Se discute mucho en la literatura la escasa presencia de las mujeres en el negocio editorial y en los catálogos editoriales. Es un problema que nos debe preocupar, y que todos deberíamos contribuir a solucionar de alguna manera. Pero quizás lo está haciendo en exceso comparado con otros, como la imposibilidad de las mujeres de clase baja de marcharse de su hogar y llevarse a sus hijos o el hecho de que miles de ellas son asesinadas año tras año en los países hispanohablantes, también en España, donde en ese sentido también hay mucho por hacer.

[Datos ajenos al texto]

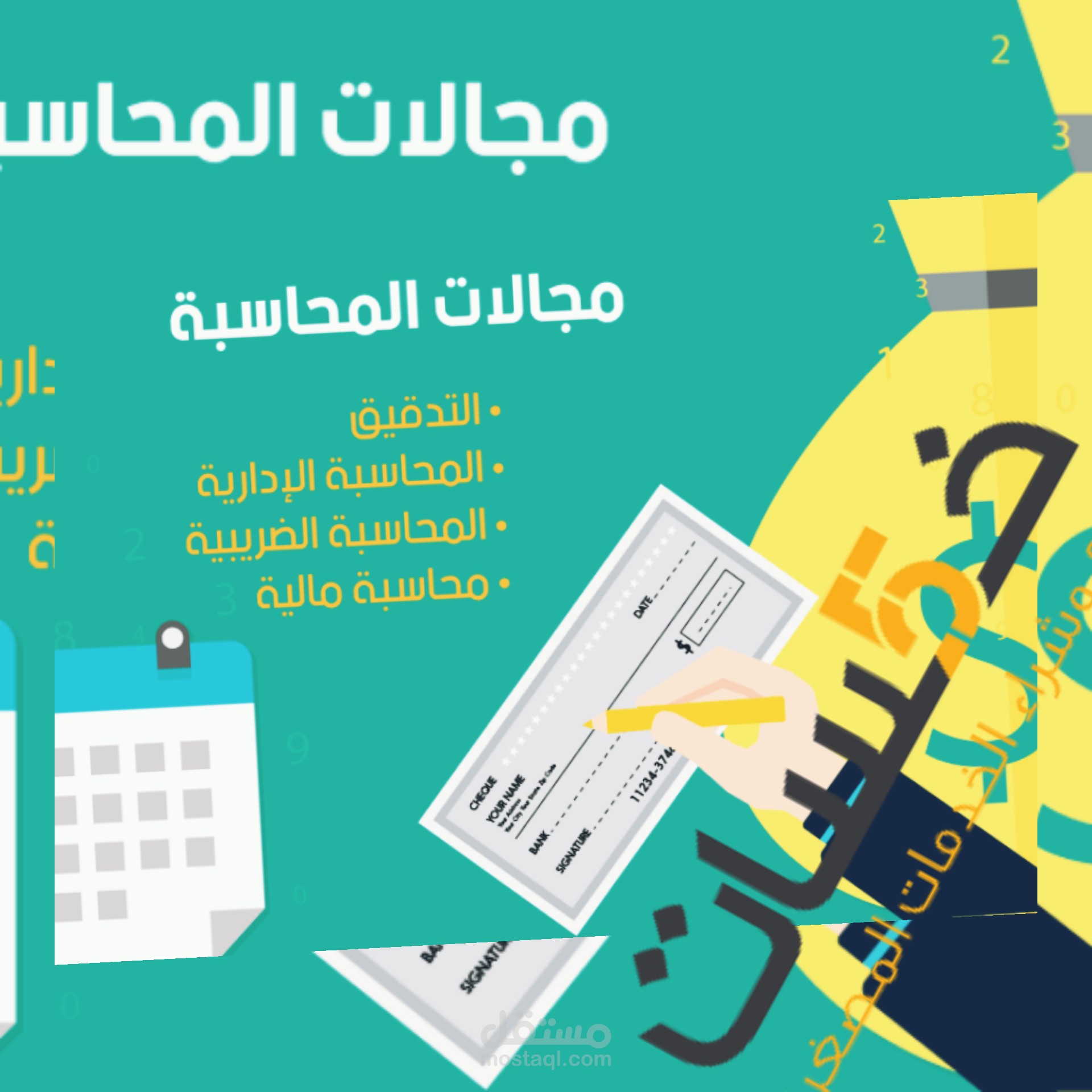 خدمة المحاسبة المالية وكدلك خدمة ادخال البيانات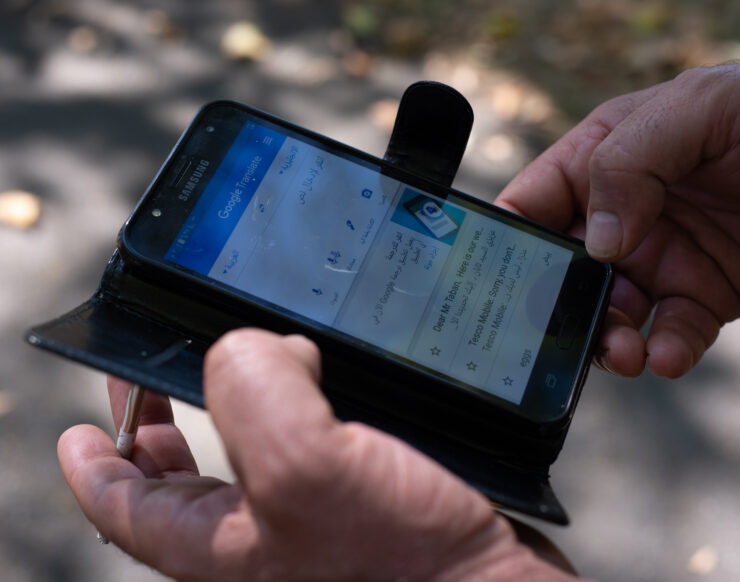 MCH Refuge City LDN Family2 077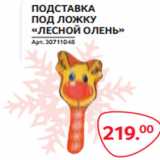 Магазин:Selgros,Скидка:ПОДСТАВКА
ПОД ЛОЖКУ
«ЛЕСНОЙ ОЛЕНЬ»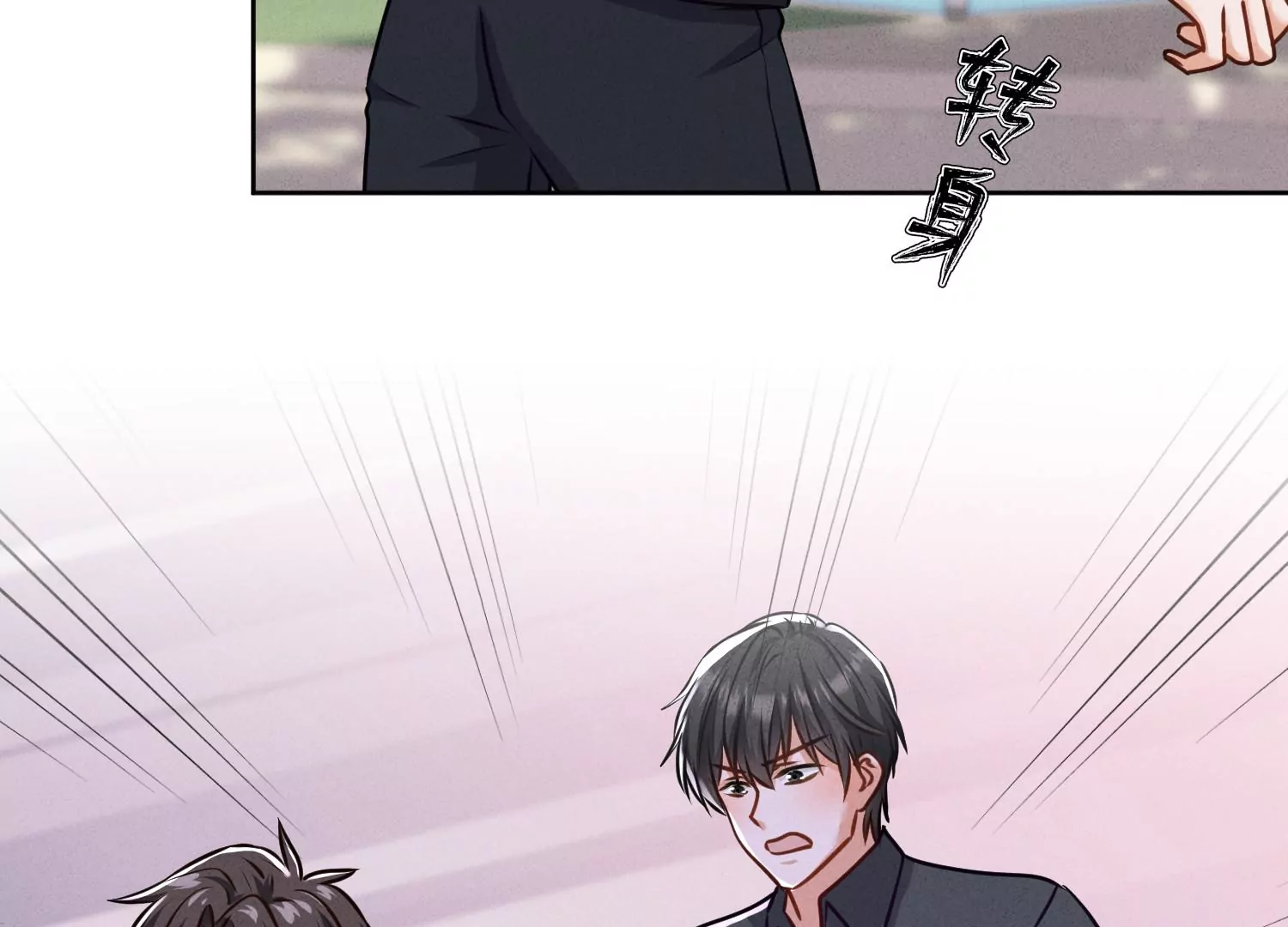 🍲最豪赘婿 龙王殿 第206话 痛失至爱 第18页
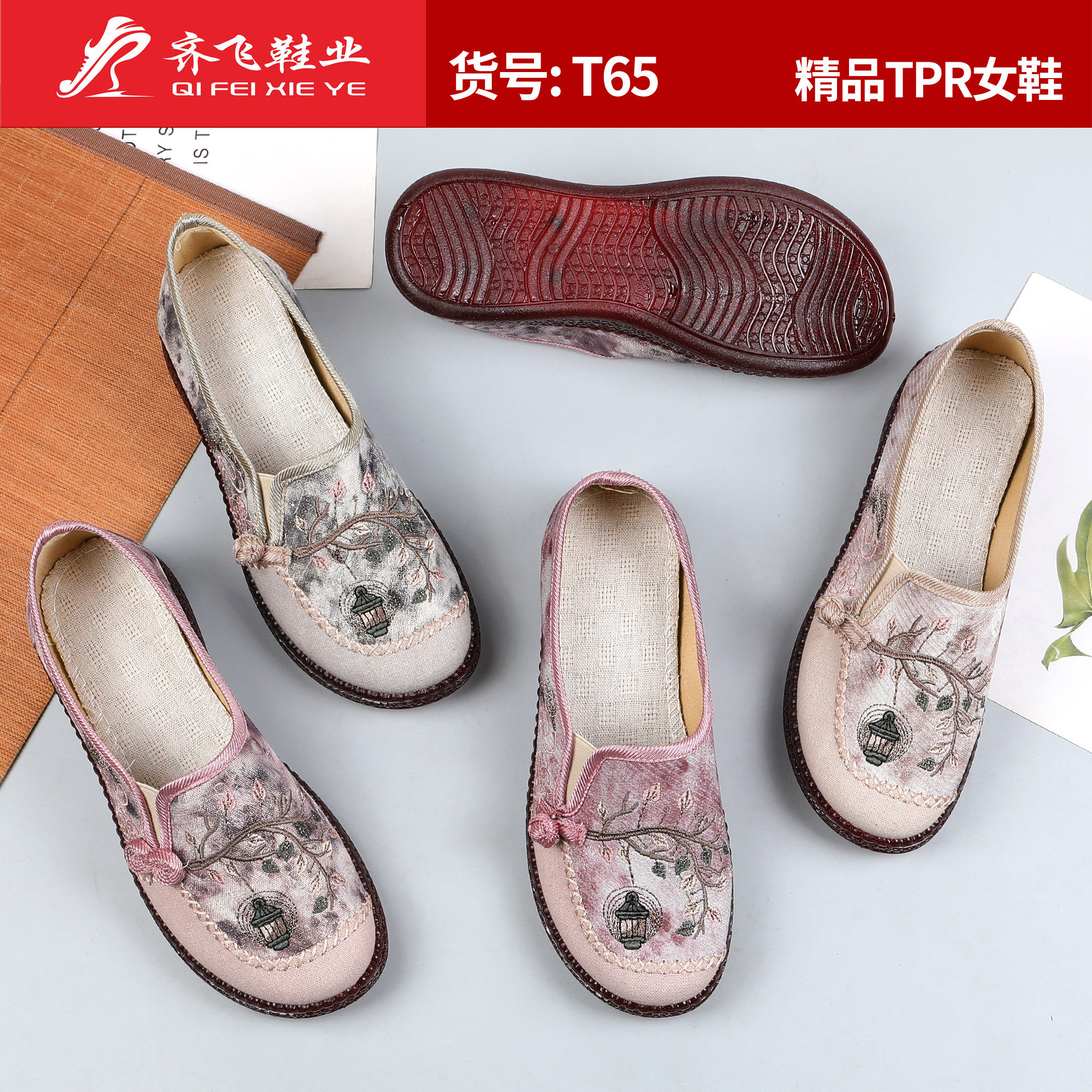 26年春季新款绣花女鞋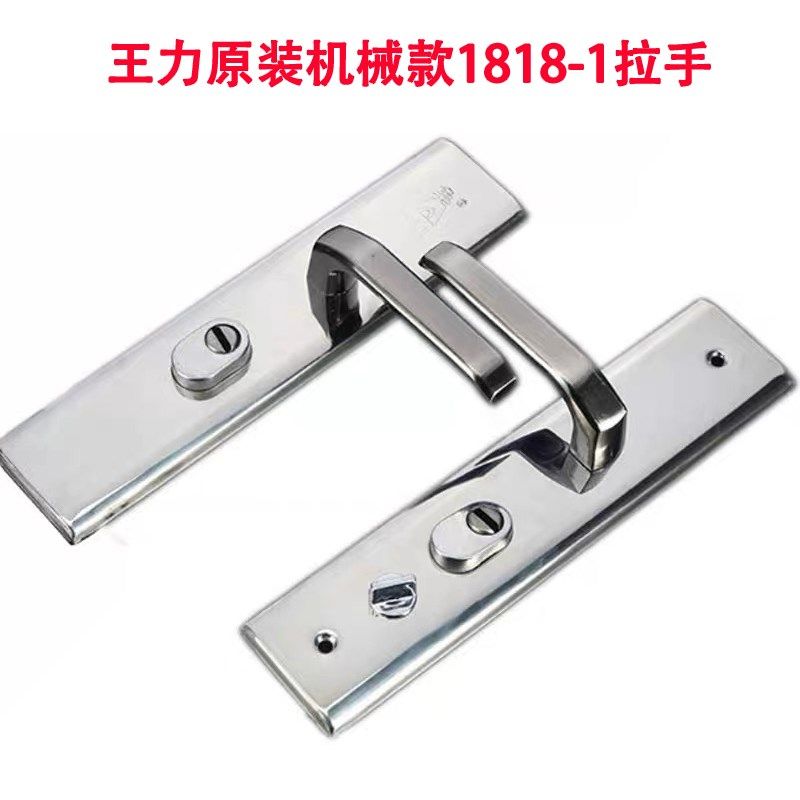 王力防盗门1818-1整幅内外拉手面板防撬304不锈钢,基础建材,机械门锁,淘宝优惠券,粉丝福利购,淘宝优惠卷
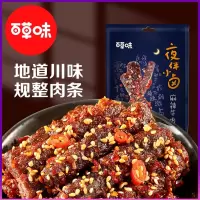 百草味(BE&CHEERY)-麻辣牛肉60g网红牛肉即食零食四川特产熟食蜀香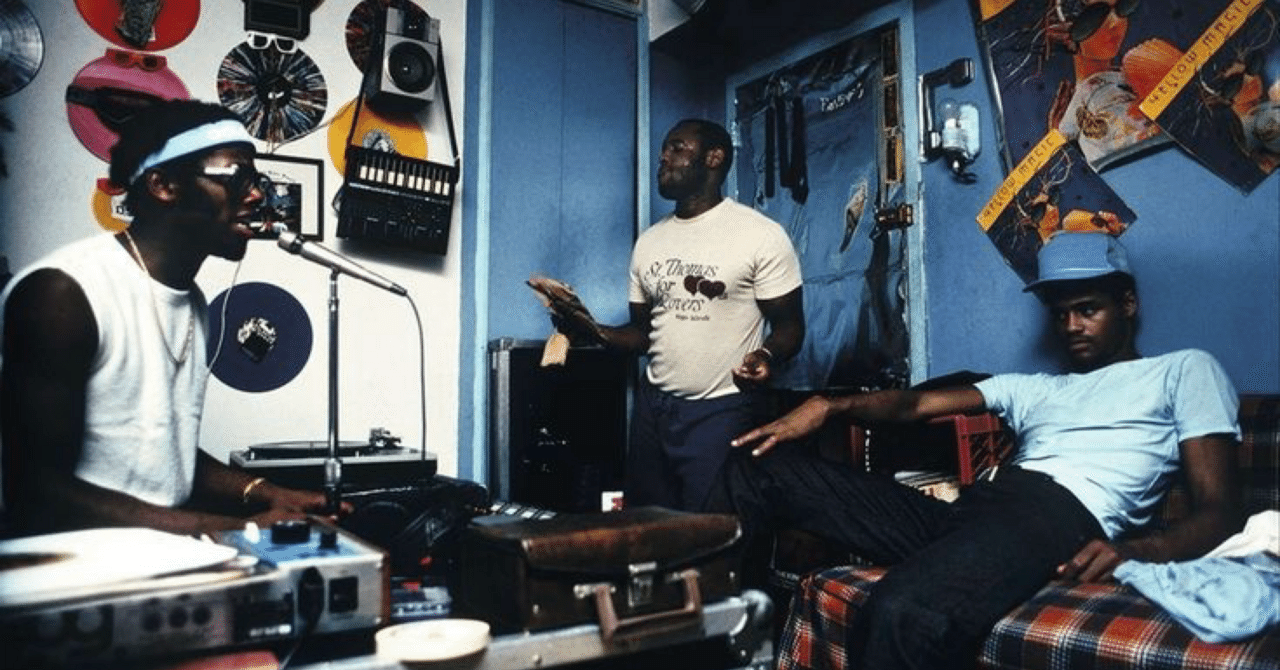 BACK TO THE 90's｜SHADY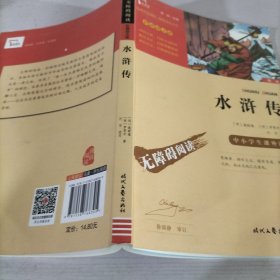 水浒传（中小学课外阅读无障碍阅读）九年级上册阅读新老版本随机发货智慧熊图书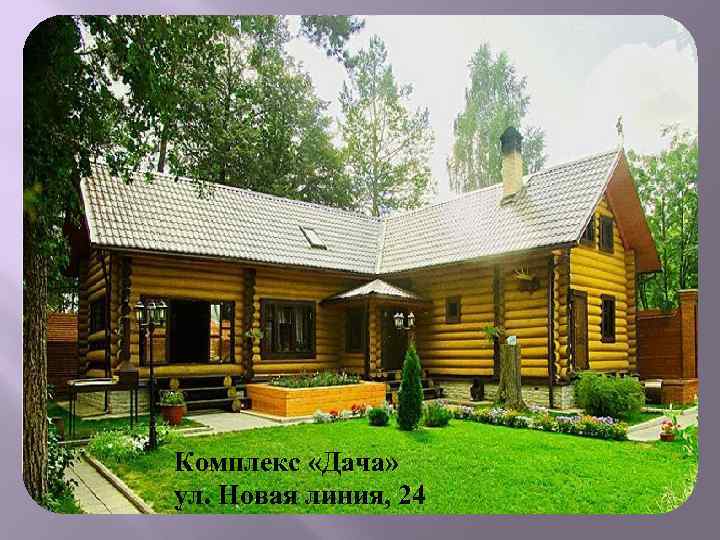 Комплекс «Дача» ул. Новая линия, 24 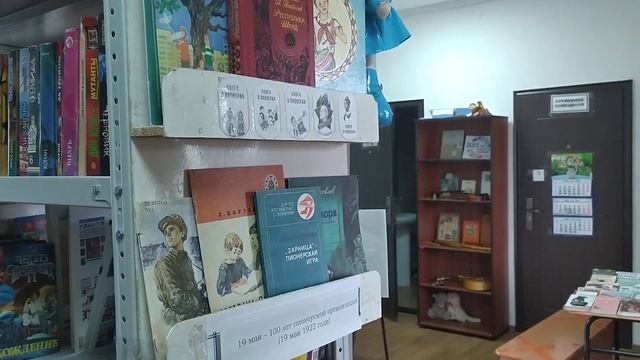 19 мая 2022 - 100 лет пионерской организации. смотреть онлайн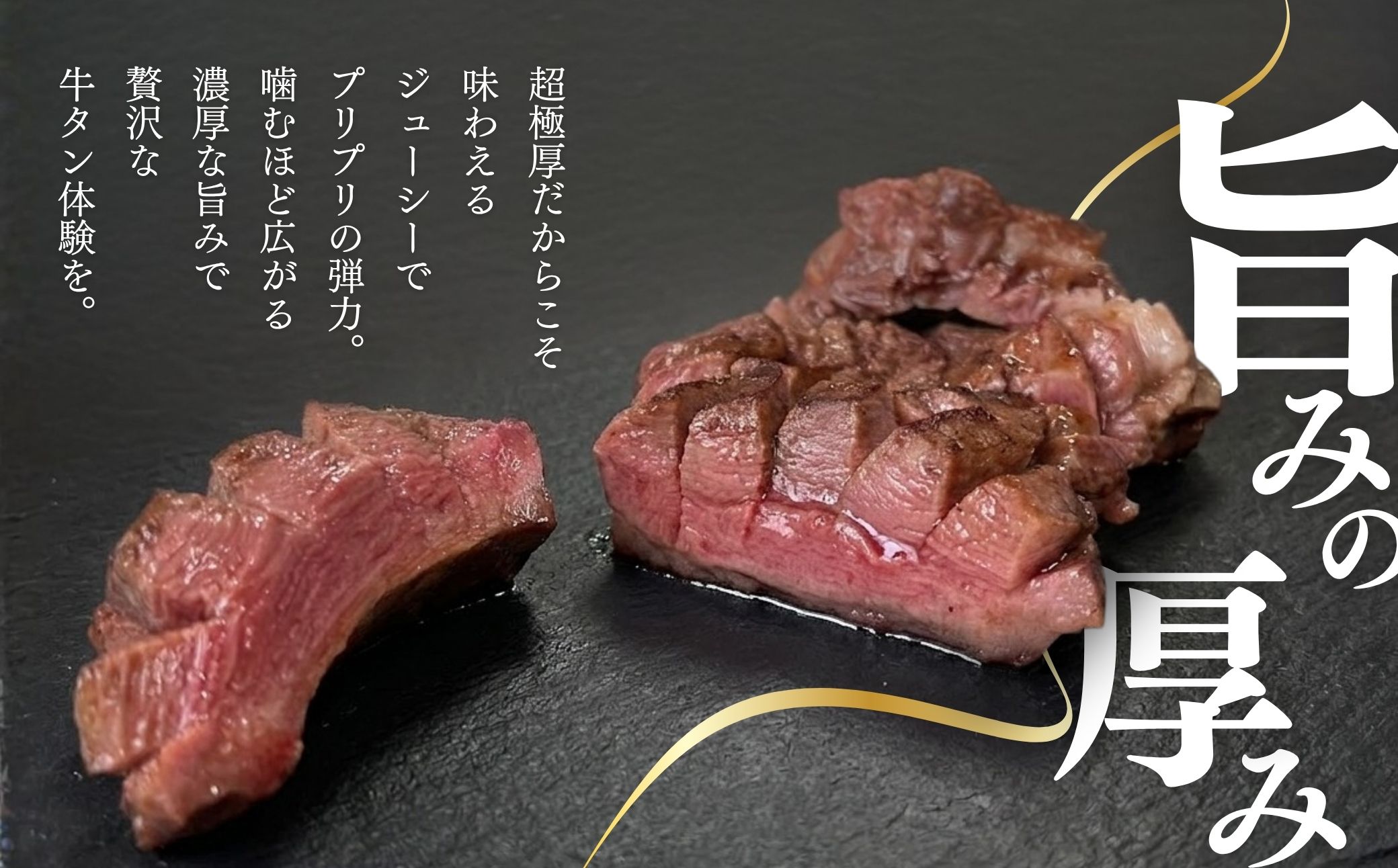 【2ヶ月定期便】【国産牛タン 超極厚】厚さ1.5cm 定期便 600g 瀬戸内レモン塩だれ | 牛タン タン 味付け 味つき たん 厚切り 数量限定 サイズ不揃い 訳あり 真空パック 小分け 冷凍 焼肉 国産牛 牛肉（2ヶ月）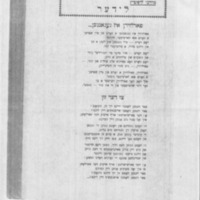 lifshits_farloyrn-iz-gegangen_tsu-der-zun.pdf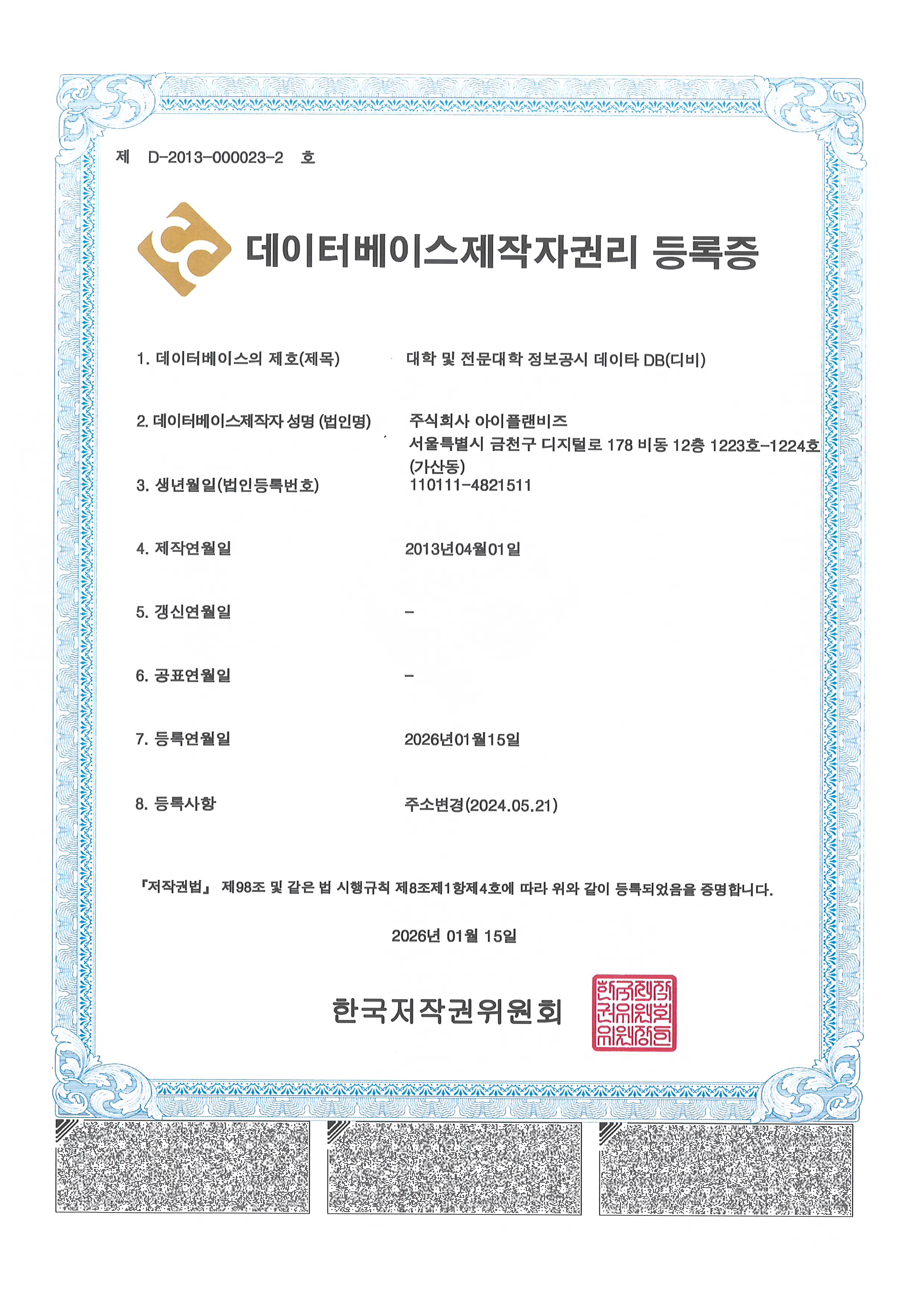 데이터베이스제작자권리 등록증_DB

–Pero no son luchas excluyentes, ¿no cree?
–Son independientes, claro. Pero en la escena cultural en la que nos movemos es más frecuente escuchar hablar de la disparidad en los catálogos editoriales que de las otras cuestiones. En ese sentido, en mi opinión, el feminismo no puede separarse de una visión de clases, sino a condición de que se convierta, precisamente, en un esfuerzo por librar una batalla que tan solo concierne a unos pocos.
–Sin embargo, acaba de apostar por abrir el melón en el ámbito de la literatura. ¿Cómo aportaría usted a ese debate pendiente?
–Al margen de mis balbuceos y contradicciones al tratar de responder a esta pregunta tan dificultosa, está claro que tenemos un debate pendiente en el ámbito de la literatura respecto a los abusos y las desigualdades. No para establecer un estándar de prácticas, sino más bien para pensar en qué instituciones están constriñendo nuestro margen de acción. Yo, por ejemplo, no sé cuáles son las elecciones de género de las autoras que leo. Solo sé que, haciendo números para mí mismo, leo a más mujeres que a hombres. Esto, en mi opinión, debería ocupar una posición menos relevante en la discusión. Lo que deberíamos cuestionar no son las cuotas, que incluso podrían devaluar la producción literaria de mujeres de las que algún lector podría considerar que sólo forman parte de un catálogo editorial para cumplir con la cuota, sino un dispositivo llamado heteropatriarcado en el que confluyen una serie de ideas y de circunstancias que constriñen a la sociedad, tanto a mujeres como a aquellos hombres que no lo deseamos ni para nosotros ni para los demás. Y, eso, aunque no se hable, también ocurre en el mundo editorial, que es una reproducción a escala reducida pero bastante veraz del mundo en que vivimos.